What is needed ▸ What are the lines below, starting at the line containing "Welcome. My phone" and ending at the line containing "Whether the defendants"? Write them out exactly, ends included, without pictures.

Recorded data ▸
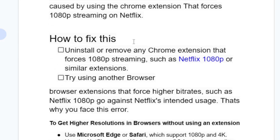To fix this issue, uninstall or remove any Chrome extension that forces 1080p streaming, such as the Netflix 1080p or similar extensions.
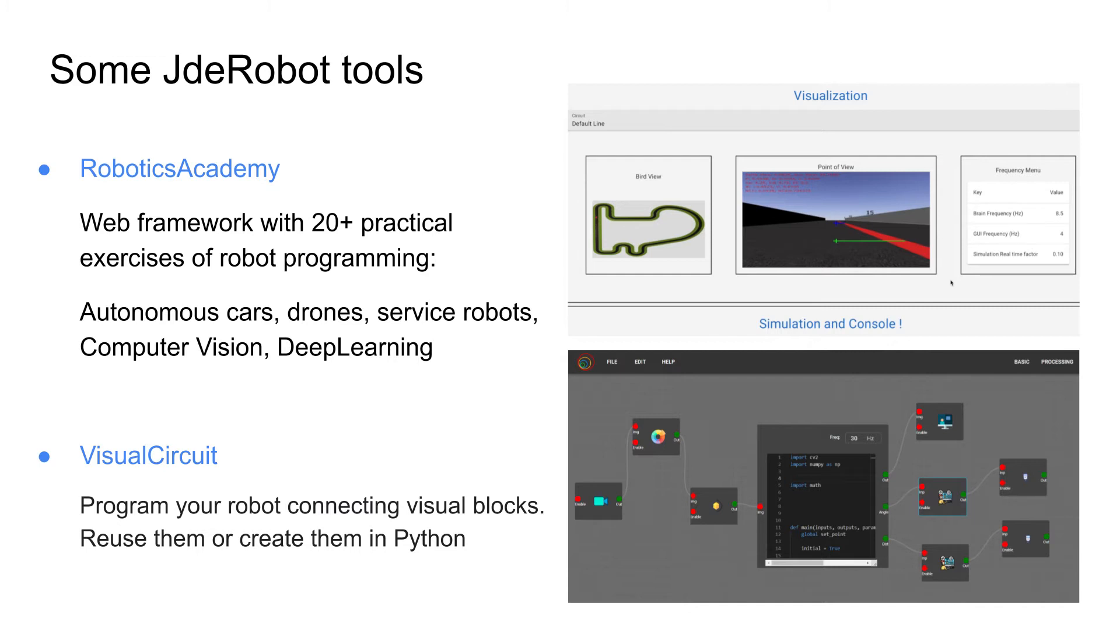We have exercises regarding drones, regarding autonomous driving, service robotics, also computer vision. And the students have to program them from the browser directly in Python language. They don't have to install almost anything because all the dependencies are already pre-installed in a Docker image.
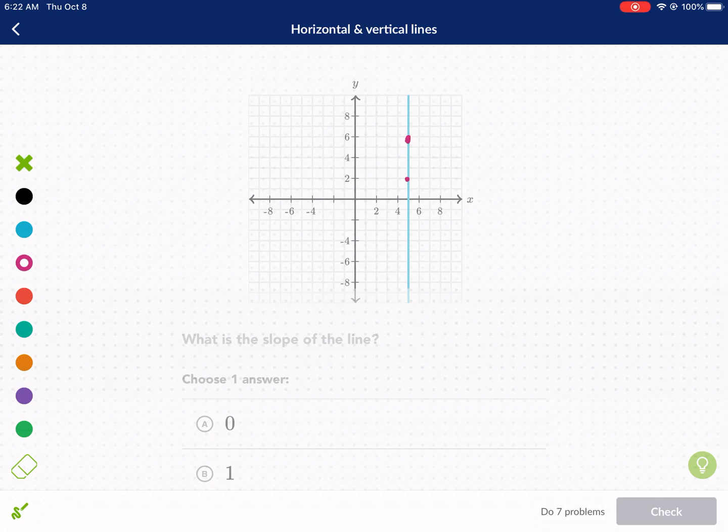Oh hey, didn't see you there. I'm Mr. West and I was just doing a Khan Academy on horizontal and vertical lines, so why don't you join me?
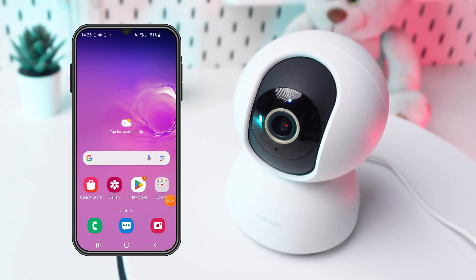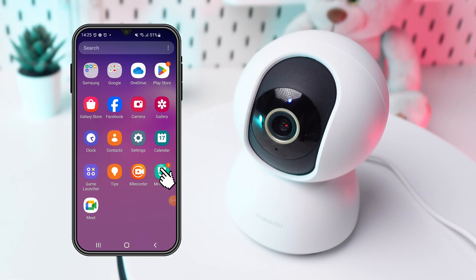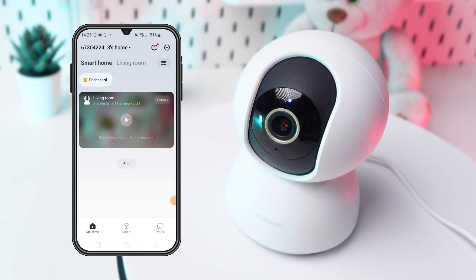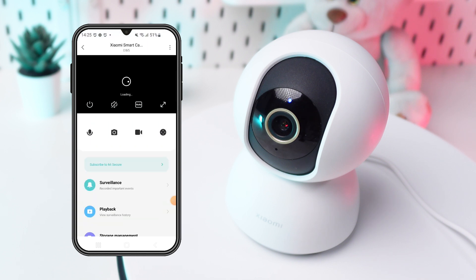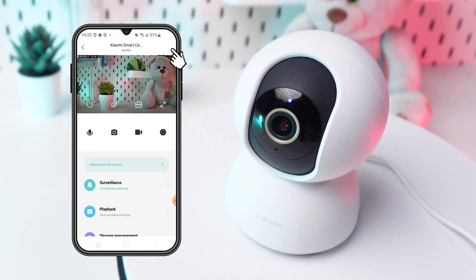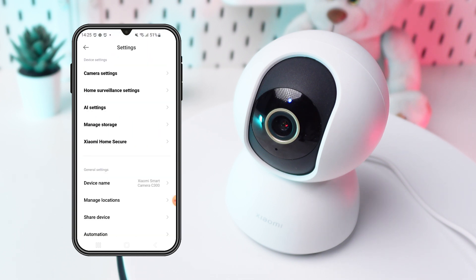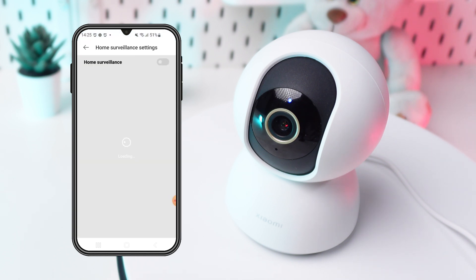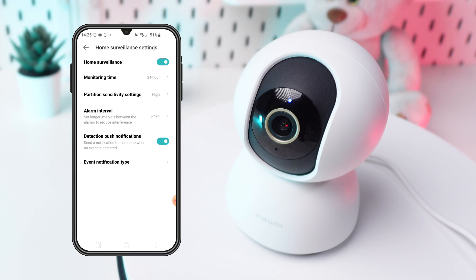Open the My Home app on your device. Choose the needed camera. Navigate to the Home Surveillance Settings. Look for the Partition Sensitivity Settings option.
--
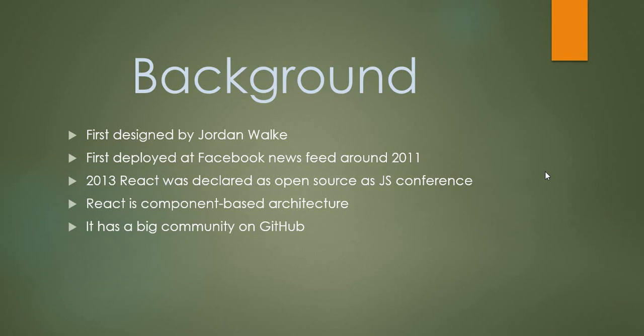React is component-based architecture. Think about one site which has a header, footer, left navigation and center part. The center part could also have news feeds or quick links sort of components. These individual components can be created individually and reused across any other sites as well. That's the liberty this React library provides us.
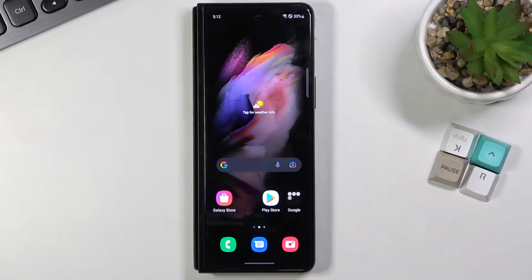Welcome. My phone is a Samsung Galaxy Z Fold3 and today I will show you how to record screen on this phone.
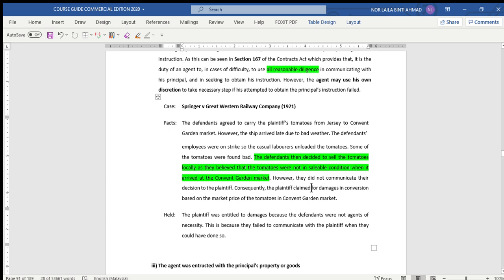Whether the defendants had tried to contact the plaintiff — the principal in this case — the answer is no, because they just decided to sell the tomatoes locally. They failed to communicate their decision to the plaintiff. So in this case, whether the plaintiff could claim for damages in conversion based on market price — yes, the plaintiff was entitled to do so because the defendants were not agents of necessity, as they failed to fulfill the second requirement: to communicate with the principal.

Result of the exercise ▸
Welcome. My phone is a Samsung Galaxy Z Fold3 and today I will show you how to record screen on this phone.
Whether the defendants had tried to contact the plaintiff — the principal in this case — the answer is no, because they just decided to sell the tomatoes locally. They failed to communicate their decision to the plaintiff. So in this case, whether the plaintiff could claim for damages in conversion based on market price — yes, the plaintiff was entitled to do so because the defendants were not agents of necessity, as they failed to fulfill the second requirement: to communicate with the principal.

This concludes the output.